The pharaonic guardian, at first glance, looks both useful (it’s the kind of monster you’d totally see in a Mummy movie but that there hasn’t exactly been stats for yet ) and pretty generic (oh great, it’s still an undead tomb guardian, no matter what kind of head it has).  

But it shines in the details: A judging gaze and soul-rending wings are just cool.  The fact that it can use (and even briefly hand over) a +3 ghost touch speed longsword and shield is a nice cinematic touch.  Even the alignment is flavorful—not a bland N or LN, but not your typical undead NE or CE either.  And why lawful evil?  Because pharaonic guardians “are the product of fear and sweat wrung from slaves and other servants”—in fact, they’re made from an amalgam of these servants’ souls!

So these are creatures born of atrocity.  And they probably will try to kill you.  But if on the rare chance you’re actually trying to preserve a pyramid rather than loot it…maybe you’ll get lucky.

But say you’re not down with Horus and Set.  It’s interesting to think of other reasons a culture might have animal-headed tomb guardians…

In the early stages of exploring a crypt, adventurers have an opportunity to step into magical mural of a garden, where they may ritually purify themselves and converse with the denizens therein.  One of these figments, a foul-tempered, warthog-headed armorer, will ask them to swear an oath not to disturb a certain burial chamber.  Should they do so (and keep their promise), he will come to their aid later in the depths, arriving bearing ghost touch-infused arms when the adventurers are set upon by the tomb’s more malevolent spirits.

Elves of Parnish have a taboo澳门英皇娱乐 against being represented in images after their death.
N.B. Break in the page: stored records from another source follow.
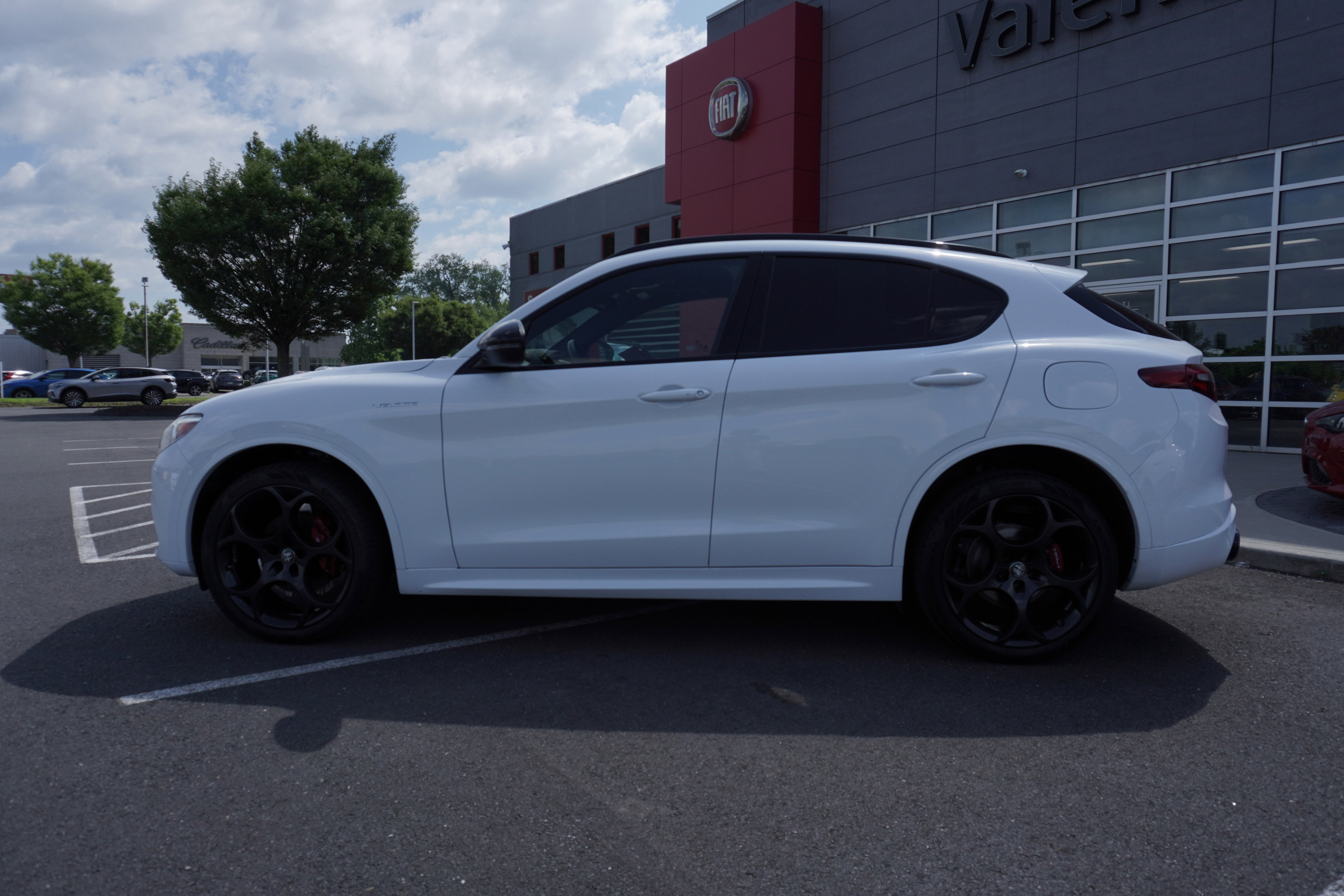 Used 2023 Alfa Romeo Stelvio Veloce image 6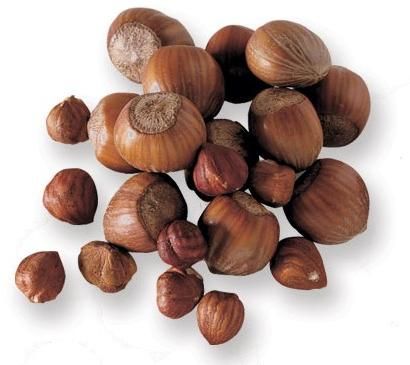 Hazelnut, For Dishes, Edible, Making Oil, Snack, Certification : HACCP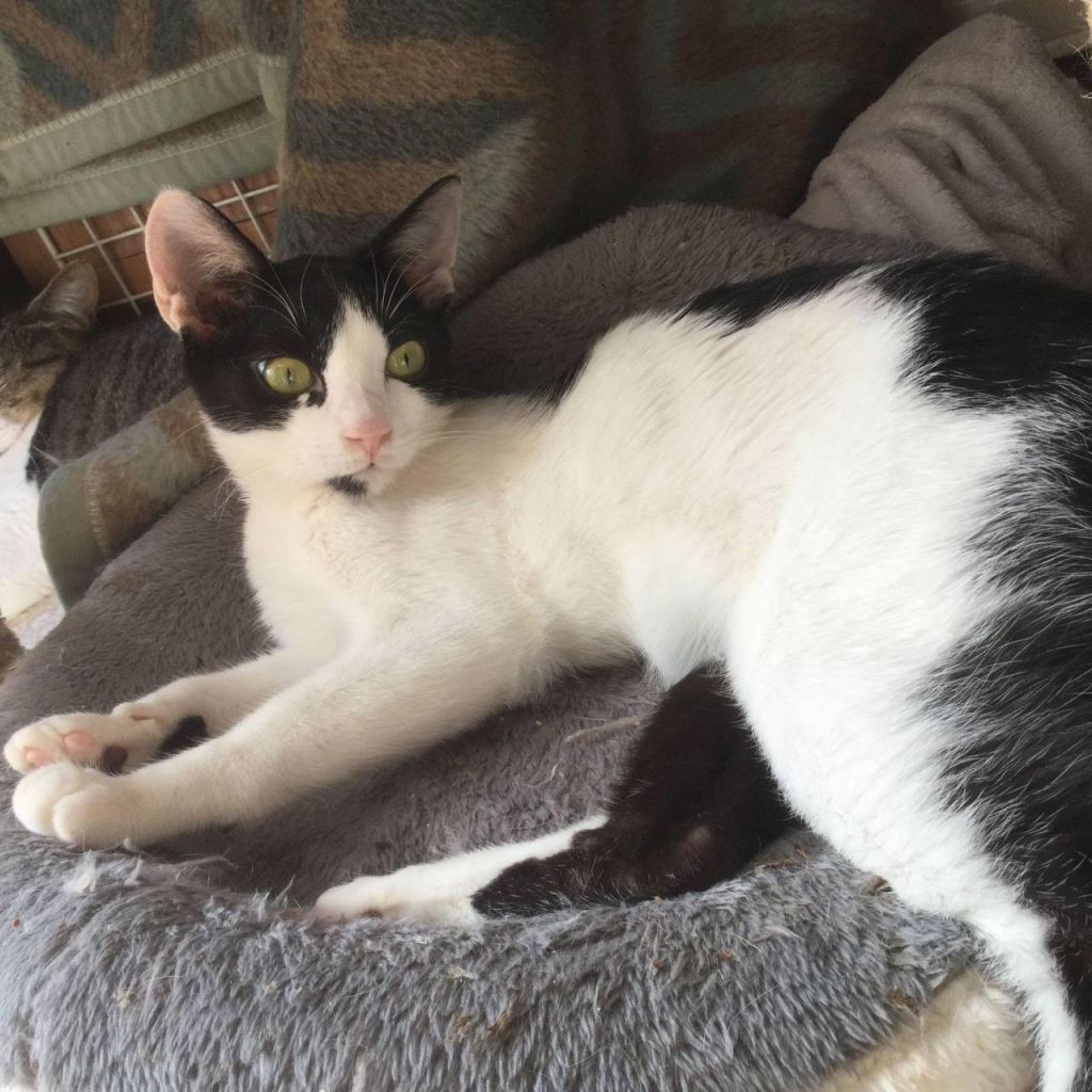 pet-image-2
Instead, they are depicted in carvings, paintings and tapestries bearing the heads of their totem animals.  To the Parnish’eya, it is an honor to have one’s soul be destined after death to become a tomb guardian.  But the elves’ strict religious and funereal obligations weigh upon the souls over the centuries, and most of these guardians grow cold and evil during the course of their endless watch.

A wise ruler puts some distance between his palace and his line’s necropolis.  The Captive King is a lesson why.  When Tarpin XII decided to shore up his faltering reign by building a palace atop the burial city of Omun-Ke, it did not occur to him the pharaonic guardians would see fit to judge the weak king according to the harsh standards of namesake.  Now Tarpin XII is naught but ash in an urn, and his son Tarpin XIII has spent 30 years a prisoner in his own palace.  Praying for a rescue that never comes, he appears in public only to pronounce draconian edicts dictated by his undead jailers, who are intent in restoring the faith and territory of the first Tarpin’s empire.

Osirion, Legacy of the Pharaohs 60 & Pathfinder Bestiary 5 191

I also like Mummy’s Mask because it’s one of the last APs I successfully read all of as it came out, rather than in desperate cram sessions after the fact.  My life got weird, y’all.

It’s been long enough now that I bet many of you have forgotten the truly messed-up elves of Eberron. No matter what system you play, you owe it to yourself to pick up either the 3.5 Eberron Campaign Setting, Player’s Guide to Eberron, or Races of Eberron.  At time of writing, used PGTEs are a steal at $16.50, and for value for money it’s still really hard to beat a used ECS at roughly $36.

Also, old-school (or at least, middle-school) D&D fans will remember the Dark Sun novels, specifically the Prism Pentad by Troy Denning.  The first three books were flat-out baller, but the fourth, The Obsidian Oracle, was a muddy, claustrophobic, and depressing read, even by Dark Sun standards.  But it featured some truly horrific bad guys—beast-headed giants that got those heads through magical manipulation that (if I’m recalling correctly—I haven’t re-read these books since, like, ’94) also doomed their children’s souls.  So there’s another source of animal-headed atrocities for you.